Storage nodes create the data layer. Within the architecture, user data and metadata are stored only there. Thus, both data types can scale in relation to each other. The storage nodes are commercially available systems, however their hardware is well balanced in terms of hard disks, SSDs, VVMe and DRAM capacities, CPU performance, network bandwidth, etc.
Finally, the client driver DirectFlow is a loadable file system installed on compute servers, and to be used like any file system by any application. In cooperation with the director and storage nodes, it shows the behavior of a fully POSIX-compliant file system: in a single namespace, across all servers within the compute cluster. The Panasas driver supports all major Linux distributions and versions.
PanFS is designed to scale linearly. If 50 percent more storage nodes are added, storage capacity also increases by 50 percent. Adding more director nodes results in increased metadata processing speed. There is no upper limit on performance or capacity, which in turn makes the file system extremely well suited for high-performance computing (HPC) as well as for AI requirements.
Storage management – features and functions
As a parallel file system, PanFS is able to provide much more bandwidth than NFS and CIFS/SMB protocols. Each file stored by PanFS is distributed across many storage nodes so that each file component can be read and written in parallel. This impressively increases performance for file access.
Because PanFS is also a direct file system, the compute server can talk to all storage nodes via the network. Comparable products set up file access via so-called “head nodes” running the NFS or CIFS/SMB protocols, and via an additional backend network. The bottleneck occurs at these head nodes, and the backend network adds cost. In PanFS, the client driver on the compute server talks directly to the storage nodes, and the director nodes are not involved at all (“out-of-band”). As a result, there are hardly any bottlenecks, load points (hotspots) or even fluctuating performance, as it is the case in scale-out NAS systems.
File maps and erasure coding
Because all the components of a file are distributed, each file requires a file map that shows where the other components are located on respective storage nodes. The client driver uses this file map to identify which storage nodes it needs to, and can access both directly and in parallel.
PanFS also uses network-erasure coding to ensure the highest level of data integrity and reliability within the distribution process (striping). Because PanFS is fully POSIX-compliant, all processes on the client driver’s compute servers see the same file system namespace, metadata, and user file contents.
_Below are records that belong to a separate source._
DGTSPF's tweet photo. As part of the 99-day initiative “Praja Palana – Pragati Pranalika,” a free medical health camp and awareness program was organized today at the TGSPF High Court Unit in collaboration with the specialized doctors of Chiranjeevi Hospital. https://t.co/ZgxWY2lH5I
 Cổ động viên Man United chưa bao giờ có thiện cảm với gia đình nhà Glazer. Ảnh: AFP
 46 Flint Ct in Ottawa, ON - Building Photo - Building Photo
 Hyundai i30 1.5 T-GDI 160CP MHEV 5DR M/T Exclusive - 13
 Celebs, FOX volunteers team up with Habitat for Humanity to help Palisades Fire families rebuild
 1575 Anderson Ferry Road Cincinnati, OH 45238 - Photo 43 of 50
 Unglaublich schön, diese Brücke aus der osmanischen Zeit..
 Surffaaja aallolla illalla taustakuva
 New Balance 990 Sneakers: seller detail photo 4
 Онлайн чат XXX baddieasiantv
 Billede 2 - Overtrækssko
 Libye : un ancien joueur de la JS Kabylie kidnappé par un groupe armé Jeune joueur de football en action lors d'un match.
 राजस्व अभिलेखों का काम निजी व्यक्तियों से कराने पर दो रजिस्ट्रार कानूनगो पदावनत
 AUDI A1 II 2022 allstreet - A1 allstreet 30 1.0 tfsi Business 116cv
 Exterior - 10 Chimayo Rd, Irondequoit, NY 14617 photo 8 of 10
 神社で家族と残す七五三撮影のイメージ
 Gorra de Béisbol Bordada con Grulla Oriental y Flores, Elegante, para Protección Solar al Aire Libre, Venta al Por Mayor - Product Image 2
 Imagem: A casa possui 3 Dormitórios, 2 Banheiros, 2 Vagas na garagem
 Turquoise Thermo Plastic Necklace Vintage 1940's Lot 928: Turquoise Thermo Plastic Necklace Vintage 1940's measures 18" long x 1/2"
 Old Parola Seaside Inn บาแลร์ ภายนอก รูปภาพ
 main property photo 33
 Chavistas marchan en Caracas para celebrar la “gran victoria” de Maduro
The client driver DirectFlow also ensures cache coherency.
Data Management and encryption
To ensure the security of the system, PanFS provides so-called Access Control Lists (ACLs), not only for files, but also for directories. This is in addition to the common Linux style such as “-rwxr-xr-x”, but much more fine-grained. Snapshots per drive (at least one logical drive must be set up) allow user-based recovery of older file versions without requiring an admin. To ensure that data remains confidential, it can be encoded with DARE encryption (DARE: Data At Rest Encryption).
Mixed workload performance
In a storage system, file sizes, access patterns and workloads can change significantly over time. But Panasas supports all of these, and in doing so impressively expands the range of use cases. In high-performance computing (HPC), large files are not unique. PanFS supports genetic research as well as hosting central directories with a cloud provider.
Dynamic Data Acceleration
PanFS for HPC and AI workloads offers a “Dynamic Data Acceleration on PanFS” feature since 2020. This control feature is designed to accelerate data storage operations on Panasas’ ActiveStor Ultra appliances by helping storage media such as SSDs and hard drives become more efficient. The key factor is not access frequency, as with tiering, but file size. To enable DDA to do this work automatically, an algorithm in the orchestrator monitors how and where metadata and usage data are stored.
By dynamically controlling the movement of files between SSDs and HDDs and realizing the full potential of NVMe, PanFS delivers not only the highest possible performance for HPC and AI workloads at a reasonable cost of ownership, but also, just as importantly, in a consistent, predictable manner. The DDA algorithm controls the sweeper software that does the actual distribution of the small files.
To keep SSD utilization at about 80 percent of its capacity, the sweeper moves small files onto that media. “If an SSD is 80 percent full, the sweeper moves the largest files to disk. If a hard drive is ‘only’ 70 percent full, the sweeper moves the ‘smallest’ files to the faster SSDs,” Curtis Anderson explains. “DDA manages the relocation of small files between SSDs and hard drives to increase access performance as well as the performance of workloads that use small files by keeping them isolated from streaming workflows.” This is just one example of how PanFS keeps system performance at optimal levels.